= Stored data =
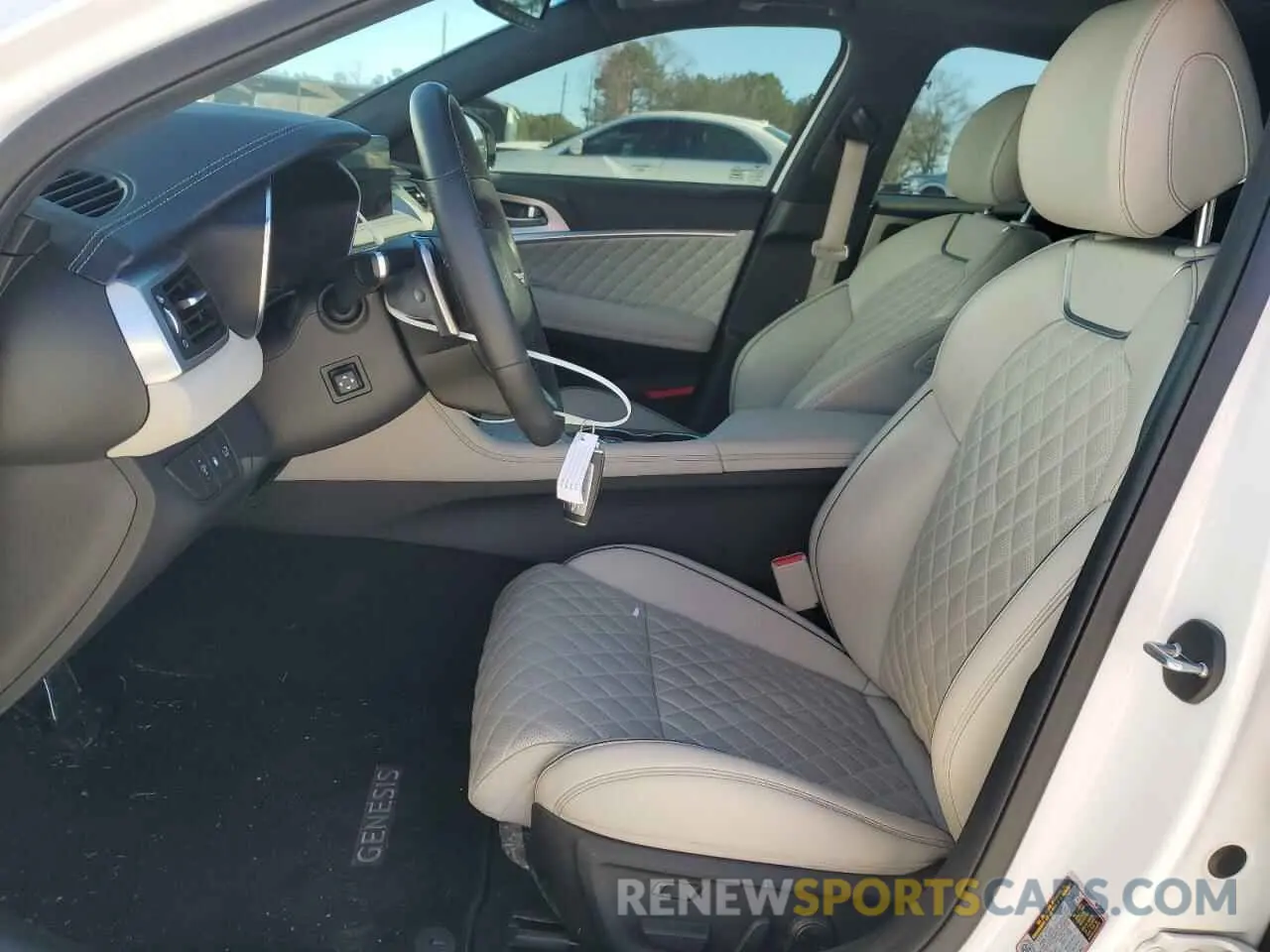 7 Photograph of a damaged car KMTG54TEXPU125509 GENESIS G70 BASE 2023
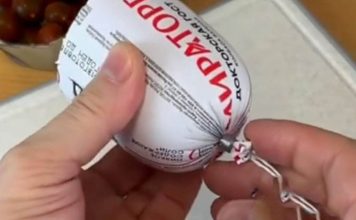 Dva viralna prizora iz svakodnevice: trik sa salamom i skupo slatko iz Hrvatske postali hit na mrežama Dva viralna prizora iz svakodnevice: trik sa salamom i skupo slatko iz Hrvatske postali hit na mrežama - featured image
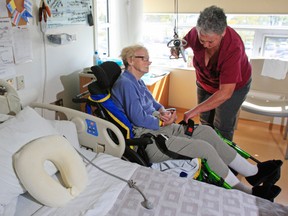 Luke Hendry The Intelligencer
Marilyn Bell helps registered practical nurse Andrew Smith lift her mother, Margaret Bell, in her room at Belleville General Hospital Tuesday. Quinte Health Care's four hospitals will change their visitng policies starting Oct. 15, meaning patients will be allowed to have visitors whenever they wish.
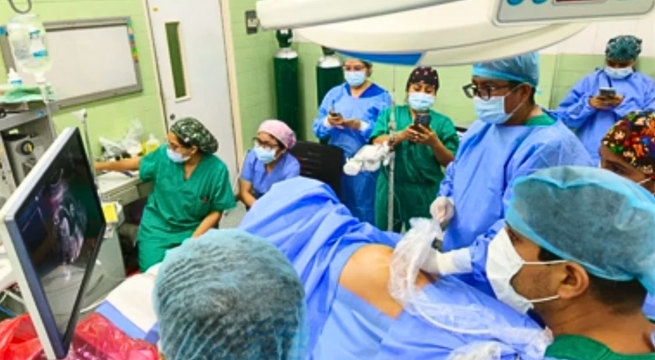 Cirugía fetal con láser salva la vida de bebé con tumor pulmonar en Lima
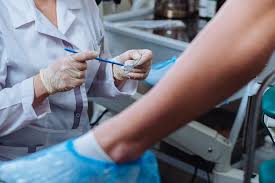 Staf Klinik Viral karena Menertawakan Hasil Pap Smear Pasien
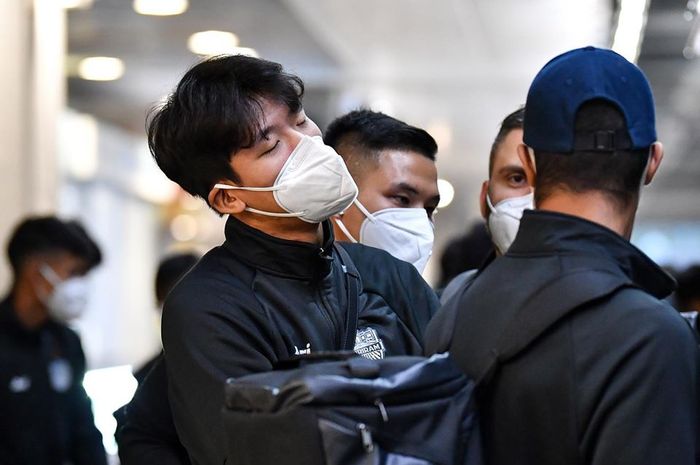 Para pemain Buriram United tiba di Shanghai dengan menggunakan masker demi menghindari wabah coronavirus. Mereka akan melawan Shanghai SIPG dalam play-off Liga Champions Asia 2020, Selasa (28/1/2020).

= What the task asks =
A word-for-word copy is needed of the lines from the line with "Staf Klinik Viral" through the last line of the entries above, with both ends kept and the pictures dropped.

= Answer space =
 Staf Klinik Viral karena Menertawakan Hasil Pap Smear Pasien
 Para pemain Buriram United tiba di Shanghai dengan menggunakan masker demi menghindari wabah coronavirus. Mereka akan melawan Shanghai SIPG dalam play-off Liga Champions Asia 2020, Selasa (28/1/2020).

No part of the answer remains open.